Liz Countryman on "Fireworks Phobia Formation"

Fireworks Phobia Formation


Fear deep and joy up over:
dark July forenight.
Shiver sweat not dark but unseen
exploded over the suburban ball.

Come get me, I'm making myself
ready for you every day, Lord,

like they say all these people
here are doing.


This place reminds me of something.

A door opens behind me and I know who it is.

Sitting here's like saying yes—
All it need do is ask me to touch its arm
at the moment before ignition, when we're held in expecting:

I know and it knows
me, and a detonation.



Each pair of eyes
follows its story off.

Take a look at me!
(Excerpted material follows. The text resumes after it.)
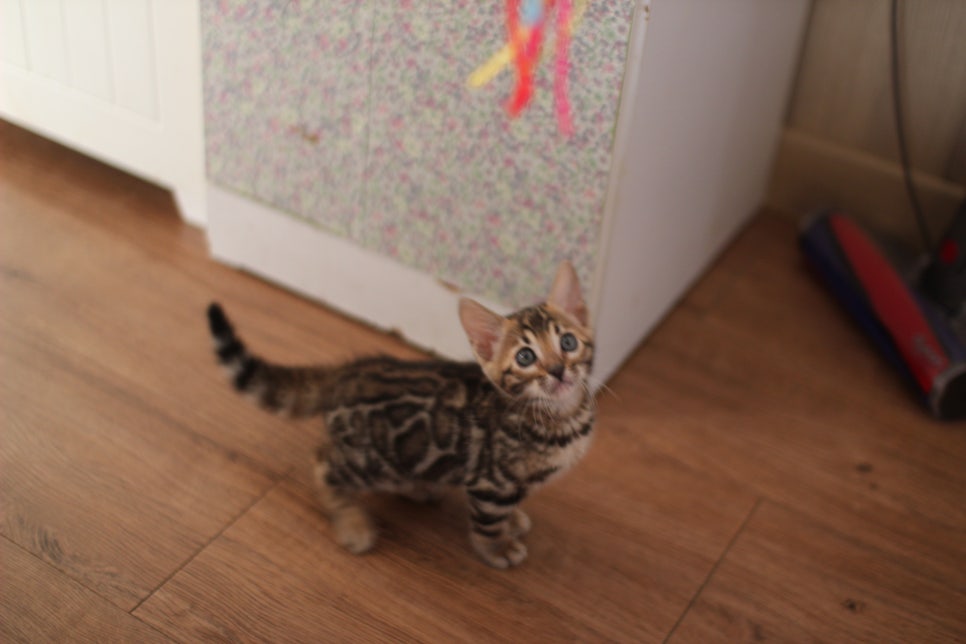 앙증맞은 귀염둥이 브라운 뱅갈고양이 여아 분양해요~ 관련 이미지 5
I have a beautiful arc!

We were together, and we cared about something—
long sheen of a hospital hallway,
spray of islands violent on an ocean,
the light spilled sidewise and the land dried.
The day with its barely open eyelid.


Probably what they lost they lost
fantastically

—it didn't just hang there.
They watched it,

not the other way around.


I am an attempt to be clear
while burning out
something almost said the incorrect way.

Every time I touch your hand
and every time your hand
falls on my hair too hard.
It's a draft I discard.


Back in Mom's lap,
I guess I hid because
they were fake, the flashes.

What reactions from the pleased picnickers.
What a nightmare.


So I'm on the ground
and in the sky and the sky
of me explodes and the ground cowers.

Or does the window of me look in
jealously at my hearth?

Or does the rainforest of me seem not like eco-wonder?
Wave of me pulled out on waves?
Grass is dumb, and waves don't care.


On "Fireworks Phobia Formation"

I've always been scared of fireworks. As a kid, like many other kids in suburban New Jersey, I went with my family to the local park on the fourth of July to sit in a lake of seated people and watch the explosions. When I was very little, my mother tells me, I was so scared that my flesh practically melted into hers. When I was older, I kept quieter; feeling uneasy but seeing the calm spectators' pleasure around me, I experienced the fourth of July as a powerful juxtaposition of tone. Visually, the fireworks were far off, flashy, and picturesque, but their sound shook us with a simulated danger. The strangeness of that simulation scared me as much as the noise. And there was the falling ash we were supposed to ignore.

This poem's movement is fueled by that odd combination of urgency and ease and by my discomfort with spectacle, which I tried, at the time, to hide. The poem is built of sections that hop around in time and place. Sometimes there are sudden statements, little bursts—fun or scary? As a kid, there were times when I loved the happy meanings of things and other times when I felt a little flattened by honored narratives. At the end of this poem, when the fireworks clear, to see nature as indifferent is a harrowing kind of relief.